Collected data entries:
+-------+
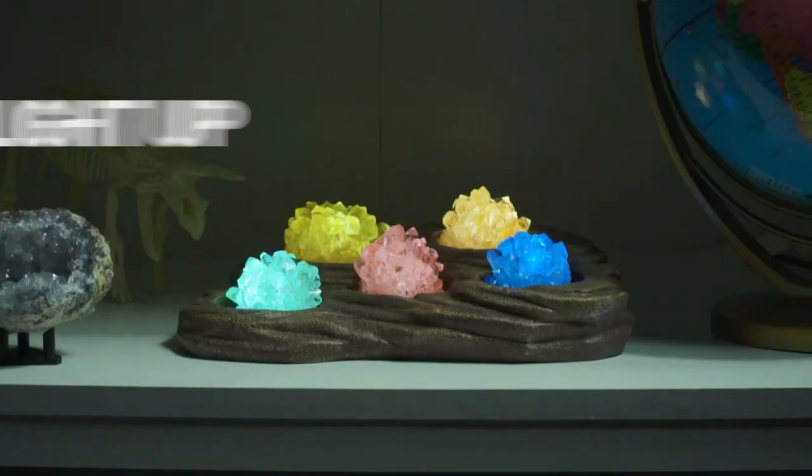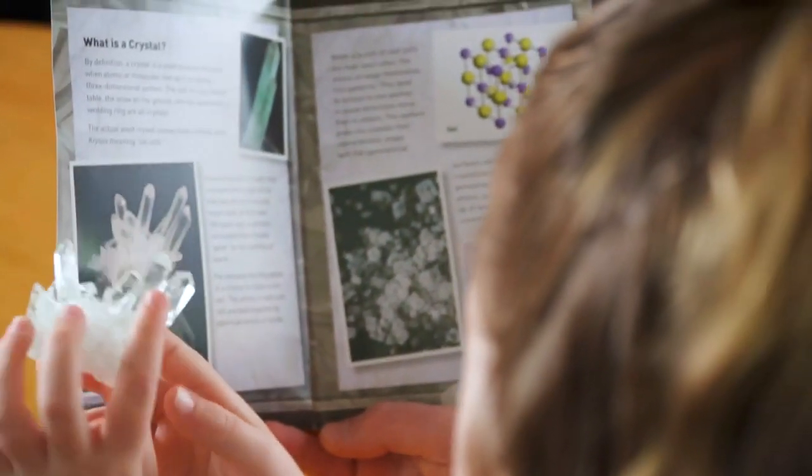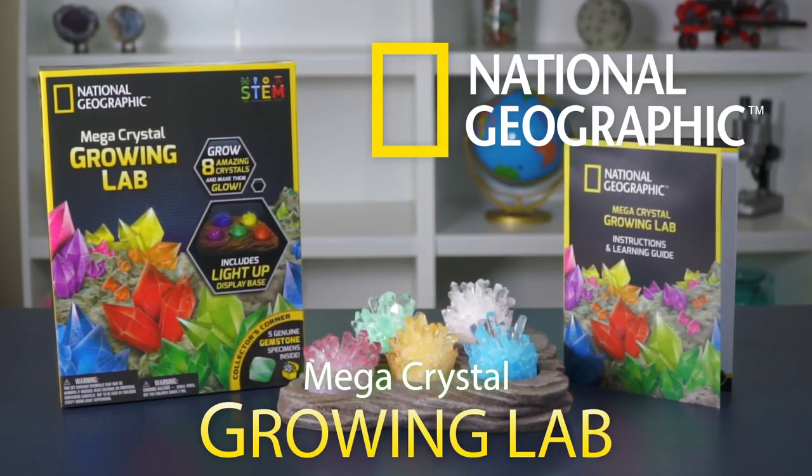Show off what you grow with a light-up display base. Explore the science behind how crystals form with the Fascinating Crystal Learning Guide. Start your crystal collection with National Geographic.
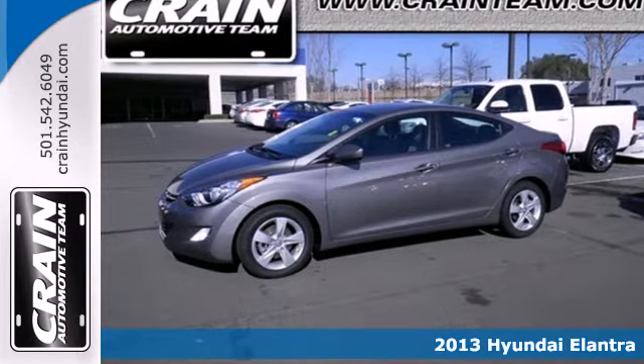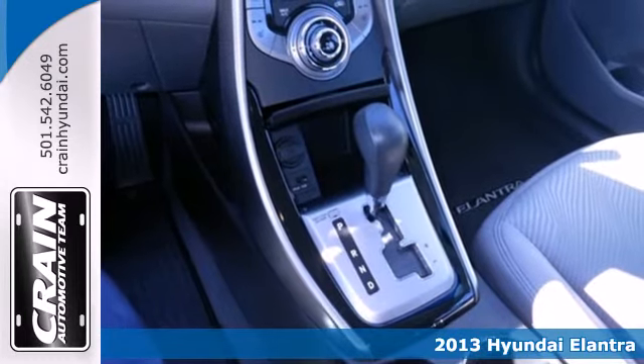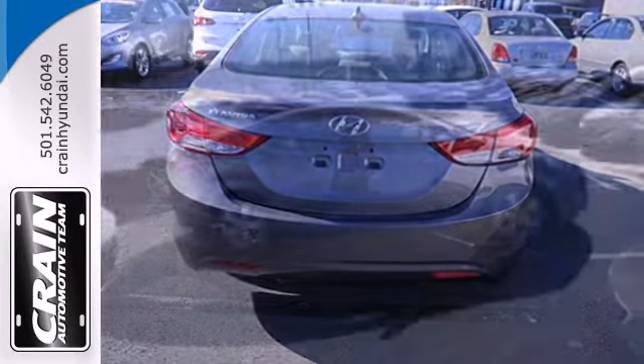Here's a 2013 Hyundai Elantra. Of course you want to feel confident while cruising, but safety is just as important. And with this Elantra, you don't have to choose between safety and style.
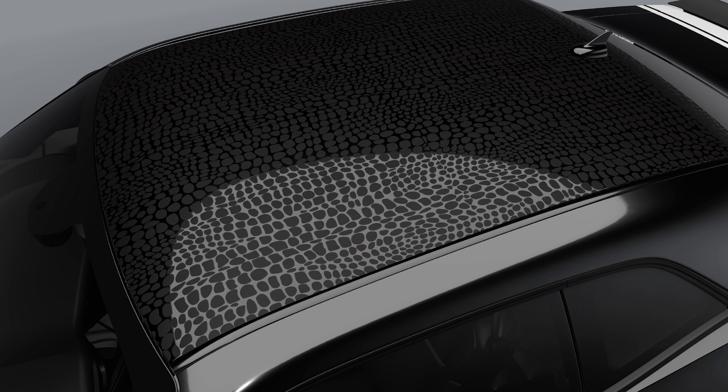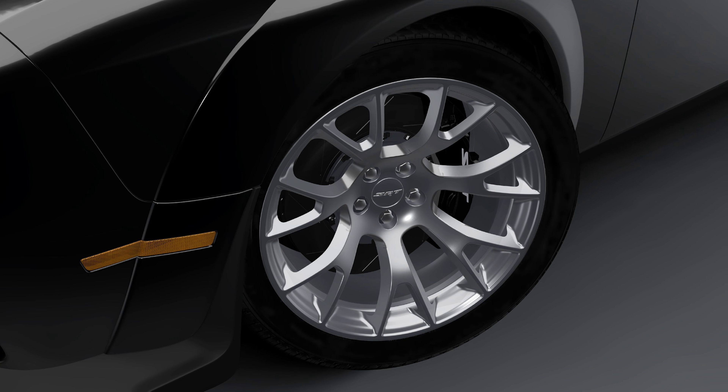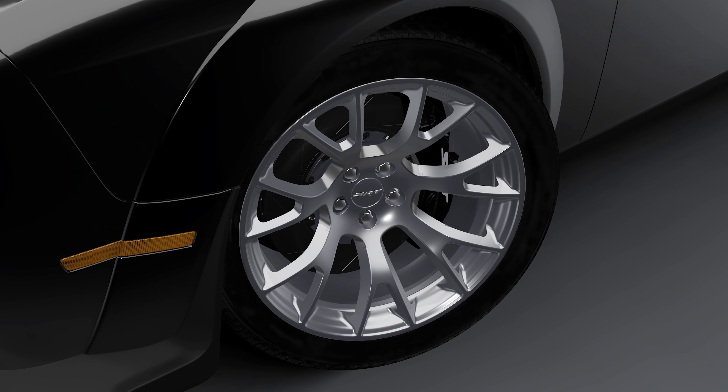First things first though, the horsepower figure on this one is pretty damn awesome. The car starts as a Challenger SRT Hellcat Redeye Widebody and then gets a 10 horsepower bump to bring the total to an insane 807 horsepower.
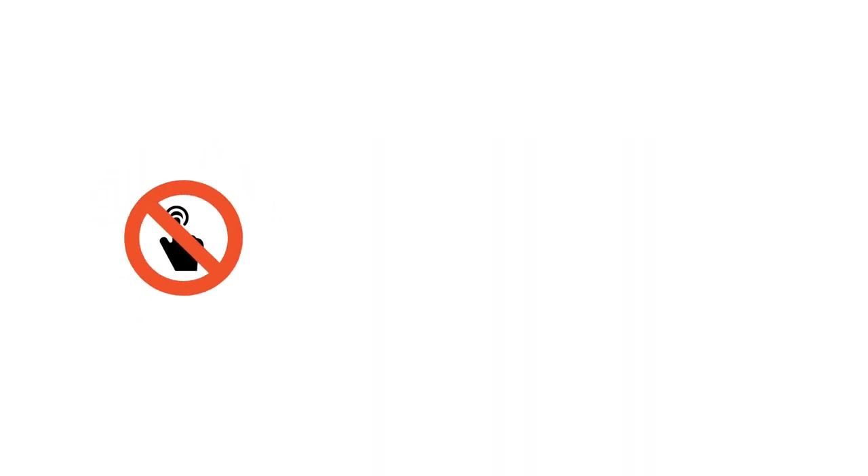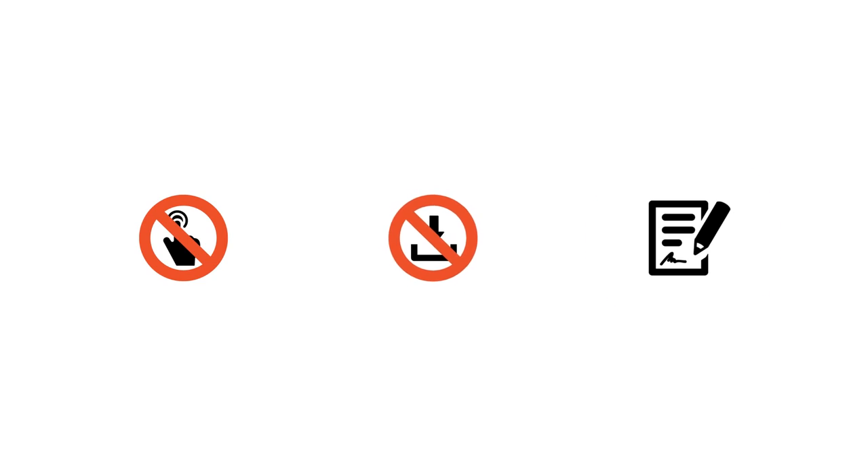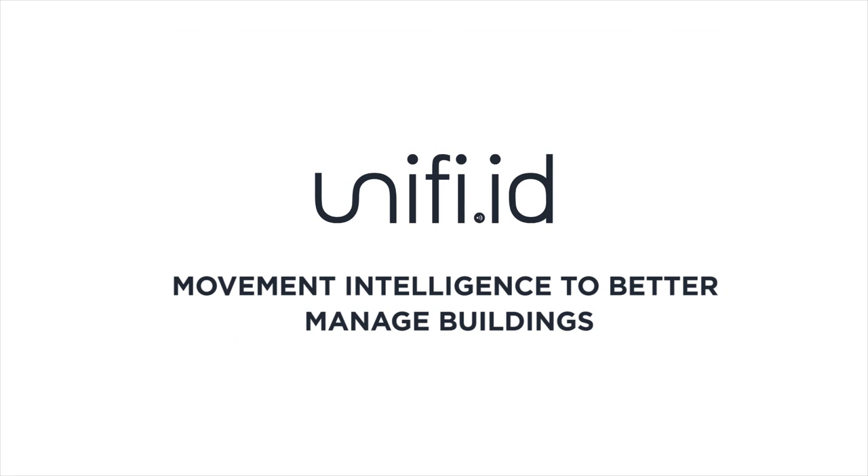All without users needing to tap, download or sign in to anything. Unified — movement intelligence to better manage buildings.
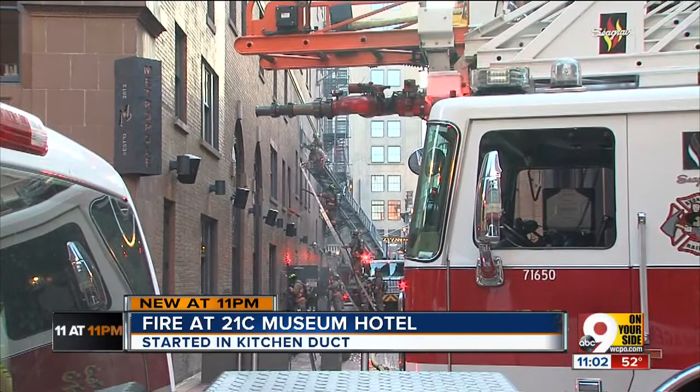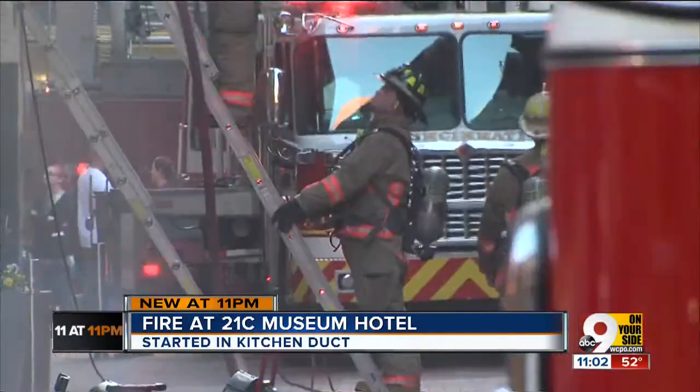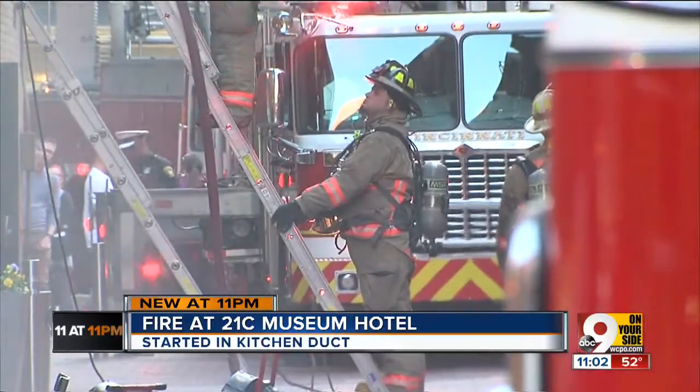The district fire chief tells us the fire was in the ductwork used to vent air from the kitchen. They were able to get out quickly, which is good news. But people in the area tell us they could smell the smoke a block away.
+-------+
Exercise description: What you return should match the records above word for word, minus the pictures.

Solution to the problem:
Show off what you grow with a light-up display base. Explore the science behind how crystals form with the Fascinating Crystal Learning Guide. Start your crystal collection with National Geographic.
Here's a 2013 Hyundai Elantra. Of course you want to feel confident while cruising, but safety is just as important. And with this Elantra, you don't have to choose between safety and style.
First things first though, the horsepower figure on this one is pretty damn awesome. The car starts as a Challenger SRT Hellcat Redeye Widebody and then gets a 10 horsepower bump to bring the total to an insane 807 horsepower.
All without users needing to tap, download or sign in to anything. Unified — movement intelligence to better manage buildings.
The district fire chief tells us the fire was in the ductwork used to vent air from the kitchen. They were able to get out quickly, which is good news. But people in the area tell us they could smell the smoke a block away.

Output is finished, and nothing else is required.